Women left behind in heart device tests - study
Many heart devices are approved for use in the United States despite a lack of data on safety and effectiveness for women -- even though the devices don't work the same in the two genders, according to a study.
"We know the risks are different in women and men," said study author Rita Redberg, a cardiologist at the University of California, San Francisco.
For example, women tend to bleed more when a device is implanted and appear to be at higher risk of dying due to the procedure, while some studies also indicate that women don't see the same benefits as men.
For the study, published in Circulation: Cardiovascular Quality and Outcomes, Redberg and her team went through 78 summaries of U.S. Food and Drug Administration FDA.L approvals for high-risk heart devices.
"Only 41 percent of all the studies had a gender bias statement, which the FDA has required since 1994. So clearly there is a gap," Redberg told Reuters Health.

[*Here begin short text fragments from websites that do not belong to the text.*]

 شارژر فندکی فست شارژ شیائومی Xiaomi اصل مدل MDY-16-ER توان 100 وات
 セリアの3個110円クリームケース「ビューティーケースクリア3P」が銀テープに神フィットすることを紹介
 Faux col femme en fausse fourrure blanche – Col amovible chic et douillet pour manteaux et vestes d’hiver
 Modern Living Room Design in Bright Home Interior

The study also found that more than a quarter of premarket approval applications didn't report on the sex of study participants. In those that did, two-thirds of the participants were men.

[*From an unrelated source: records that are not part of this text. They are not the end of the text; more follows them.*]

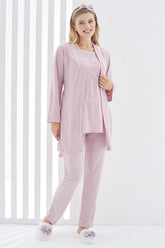 Guipure Collar 3-Pieces Maternity & Nursing Pajamas With Robe Dried Rose - 3413
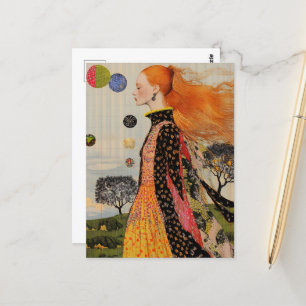 Carte Postale La Dame aux cheveux rouges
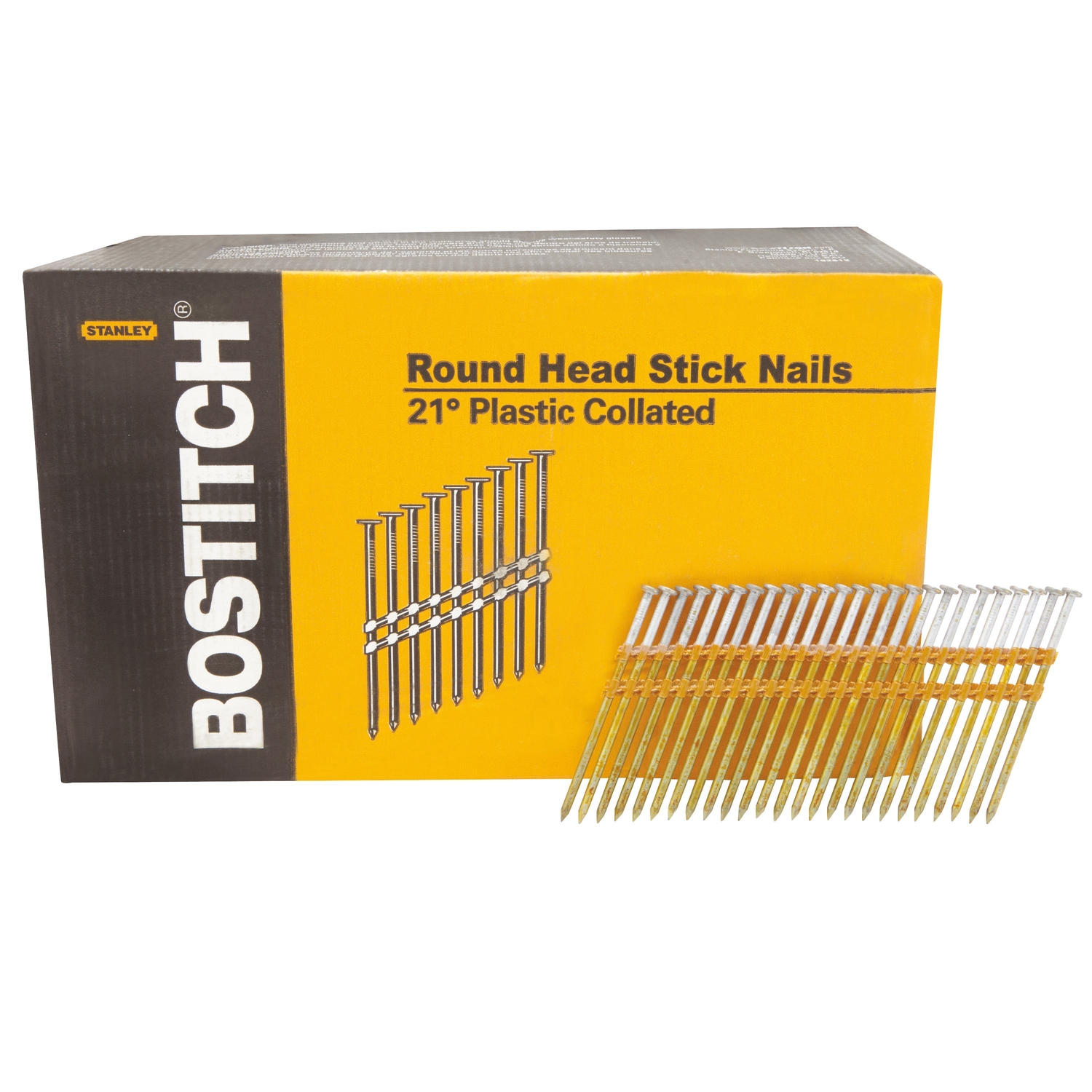 Stanley Bostitch 3-1/2 in. 10 Ga. Plastic Strip Hot-Dip Galvanized Framing Nails 21 deg 4，000 pk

"Half the people that get heart disease are still women," Redberg said.
"Men are on average 10 years younger than women when they get heart disease, but we catch up."

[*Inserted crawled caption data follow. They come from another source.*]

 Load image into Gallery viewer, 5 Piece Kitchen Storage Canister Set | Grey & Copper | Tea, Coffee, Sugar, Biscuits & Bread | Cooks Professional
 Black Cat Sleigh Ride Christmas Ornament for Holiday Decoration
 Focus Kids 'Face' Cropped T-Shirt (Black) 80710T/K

Redberg added that manufacturers were clearly ignoring the FDA's requirements for testing in women as well, but that it didn't appear to have any consequences for whether a device is approved by the agency.
As a result, she advised women to ask for data on a given heart device before they consider having it implanted.
Redberg is a member of the FDA Circulatory System Devices Panel, but her work on this study was done independently and her report doesn't reflect the view of the panel or the FDA.